The force is, momentum/time.
option 1
A cyclist is freewheeling (not exerting additional force) down a 7 degree angle hill. The cyclists weight is 75N. What acceleration is the cyclist experiencing? I have to do the following:1. Draw a free body diagram2. Identify Givens and Unknowns3. Identify the Equations4. Set up the equation using the givens and unknowns5. Solve
The free body diagram in shown below:
From the diagram and the problem we have that:
• The weight and angle of the inclined plane are given.
,• The normal force and the components of the weight are unknown (this implies that the acceleration is unknown too); we also notice that the mass is not given the it is also an unknown.
We know that Newton's second law states that:
[tex]\vec{F}=m\vec{a}[/tex]where F is the resultant force and a is the acceleration.

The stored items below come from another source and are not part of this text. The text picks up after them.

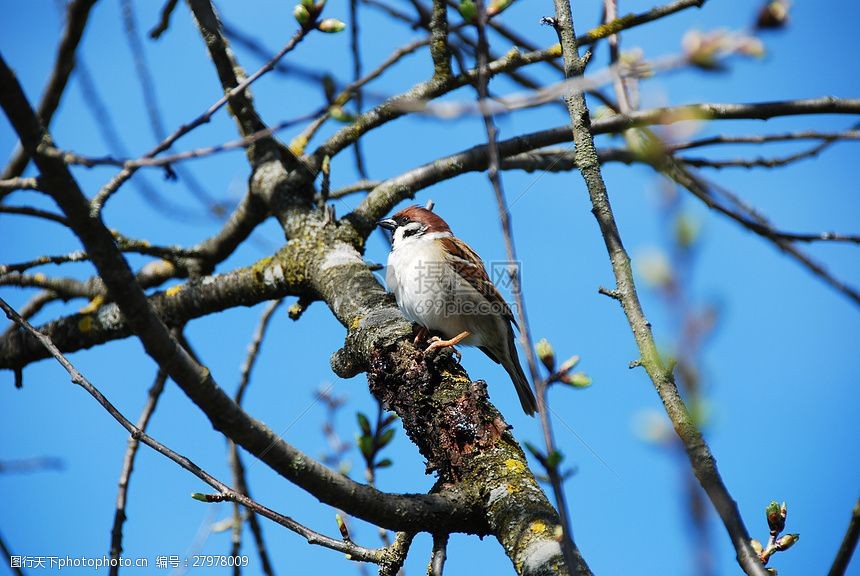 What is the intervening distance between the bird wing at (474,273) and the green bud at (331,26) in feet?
6.05

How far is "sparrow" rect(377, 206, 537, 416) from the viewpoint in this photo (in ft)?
13.7

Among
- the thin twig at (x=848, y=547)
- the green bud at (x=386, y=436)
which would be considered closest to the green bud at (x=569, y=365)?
the thin twig at (x=848, y=547)

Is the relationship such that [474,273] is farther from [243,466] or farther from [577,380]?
[577,380]

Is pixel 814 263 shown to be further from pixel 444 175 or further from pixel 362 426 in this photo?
pixel 444 175

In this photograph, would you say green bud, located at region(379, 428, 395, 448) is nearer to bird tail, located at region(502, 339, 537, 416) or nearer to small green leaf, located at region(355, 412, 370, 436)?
small green leaf, located at region(355, 412, 370, 436)

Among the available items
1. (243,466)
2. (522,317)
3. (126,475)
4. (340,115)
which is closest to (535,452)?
(522,317)

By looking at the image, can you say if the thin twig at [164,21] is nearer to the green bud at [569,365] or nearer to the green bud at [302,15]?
the green bud at [302,15]

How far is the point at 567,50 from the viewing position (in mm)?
2180

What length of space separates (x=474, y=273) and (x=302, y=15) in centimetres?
214

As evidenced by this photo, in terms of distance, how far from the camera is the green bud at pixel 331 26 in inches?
119

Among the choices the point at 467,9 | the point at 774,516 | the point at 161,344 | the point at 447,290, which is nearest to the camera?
the point at 161,344

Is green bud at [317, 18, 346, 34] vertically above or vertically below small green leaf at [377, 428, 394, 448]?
above

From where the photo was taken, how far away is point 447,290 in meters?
4.38

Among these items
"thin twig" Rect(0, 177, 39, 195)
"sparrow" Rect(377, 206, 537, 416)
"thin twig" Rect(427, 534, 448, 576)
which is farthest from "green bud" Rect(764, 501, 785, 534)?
"thin twig" Rect(0, 177, 39, 195) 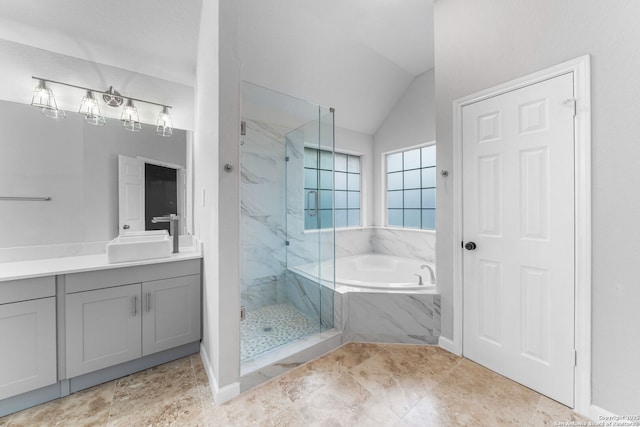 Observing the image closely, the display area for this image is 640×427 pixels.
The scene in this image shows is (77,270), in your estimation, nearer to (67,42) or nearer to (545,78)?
(67,42)

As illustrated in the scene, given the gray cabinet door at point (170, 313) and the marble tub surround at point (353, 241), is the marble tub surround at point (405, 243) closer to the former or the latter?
the marble tub surround at point (353, 241)

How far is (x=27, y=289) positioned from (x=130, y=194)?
36.3 inches

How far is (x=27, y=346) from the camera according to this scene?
1417 millimetres

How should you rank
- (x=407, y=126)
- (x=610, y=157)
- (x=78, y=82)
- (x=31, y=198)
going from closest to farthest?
1. (x=610, y=157)
2. (x=31, y=198)
3. (x=78, y=82)
4. (x=407, y=126)

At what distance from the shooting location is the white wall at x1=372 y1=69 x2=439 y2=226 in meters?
3.23

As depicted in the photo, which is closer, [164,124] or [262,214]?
[164,124]

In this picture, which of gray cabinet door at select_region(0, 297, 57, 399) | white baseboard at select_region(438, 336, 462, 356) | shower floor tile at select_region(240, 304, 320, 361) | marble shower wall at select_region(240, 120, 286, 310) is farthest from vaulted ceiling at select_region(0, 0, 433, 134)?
white baseboard at select_region(438, 336, 462, 356)

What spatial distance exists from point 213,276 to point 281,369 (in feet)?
2.70

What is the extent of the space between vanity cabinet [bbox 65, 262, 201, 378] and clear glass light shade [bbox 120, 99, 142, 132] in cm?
126

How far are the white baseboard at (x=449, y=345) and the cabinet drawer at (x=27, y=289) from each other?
9.18 feet

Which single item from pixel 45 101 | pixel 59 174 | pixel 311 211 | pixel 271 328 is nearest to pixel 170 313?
pixel 271 328

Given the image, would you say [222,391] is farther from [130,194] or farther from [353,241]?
[353,241]

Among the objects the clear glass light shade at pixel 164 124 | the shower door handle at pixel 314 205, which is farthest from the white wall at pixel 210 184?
the shower door handle at pixel 314 205

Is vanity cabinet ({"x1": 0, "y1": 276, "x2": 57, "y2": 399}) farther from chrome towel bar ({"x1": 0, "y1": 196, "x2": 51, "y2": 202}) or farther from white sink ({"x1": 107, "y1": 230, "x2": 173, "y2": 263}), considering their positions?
chrome towel bar ({"x1": 0, "y1": 196, "x2": 51, "y2": 202}) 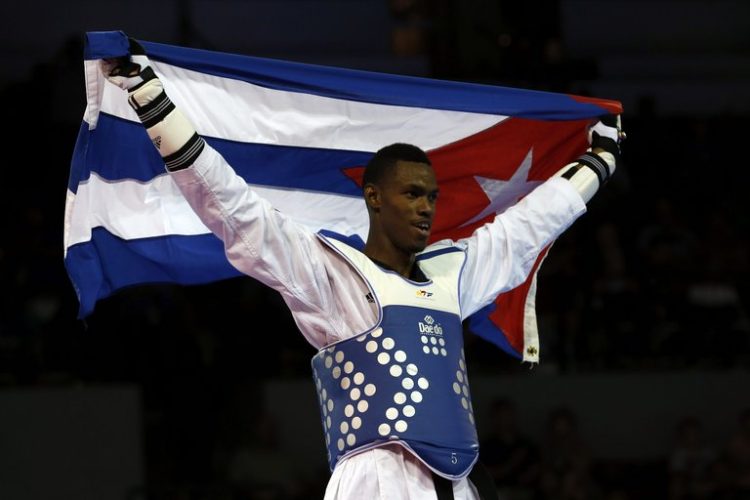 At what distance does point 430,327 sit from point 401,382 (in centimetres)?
24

Since this is a vector equation we can decomposed it in two scalar equations (in this case we only need two scalar equations since the forces are coplanar), then we have:
[tex]\begin{gathered} Wx=ma_x \\ N-W_y=ma_y \end{gathered}[/tex]Since we don't expect the cyclist to move in the y direction (otherwise he will surely fall) the equations above would reduce to:
[tex]\begin{gathered} W_x=ma \\ N-W_y=0 \end{gathered}[/tex]From the first equation we can solve the acceleration, to do this we use the triangle to get the x-component of the weight:
[tex]\begin{gathered} W_x=ma \\ W\sin \theta=ma \\ a=\frac{W\sin \theta}{m} \end{gathered}[/tex]Since the weight is given but not the mass we use the fact that the weight is:
[tex]W=mg[/tex]to get the mass, then we have:
[tex]\begin{gathered} m=\frac{W}{g} \\ m=\frac{75}{9.8} \\ m=7.65 \end{gathered}[/tex]hence the mass of the cylcist is 7.65 kg.
Now that we have all the values we need we plug them in the expression for the acceleration:
[tex]\begin{gathered} a=\frac{75\sin 7}{7.65} \\ a=1.19 \end{gathered}[/tex]Therefore the acceleration of the cyclist is 1.19 meters per second per second.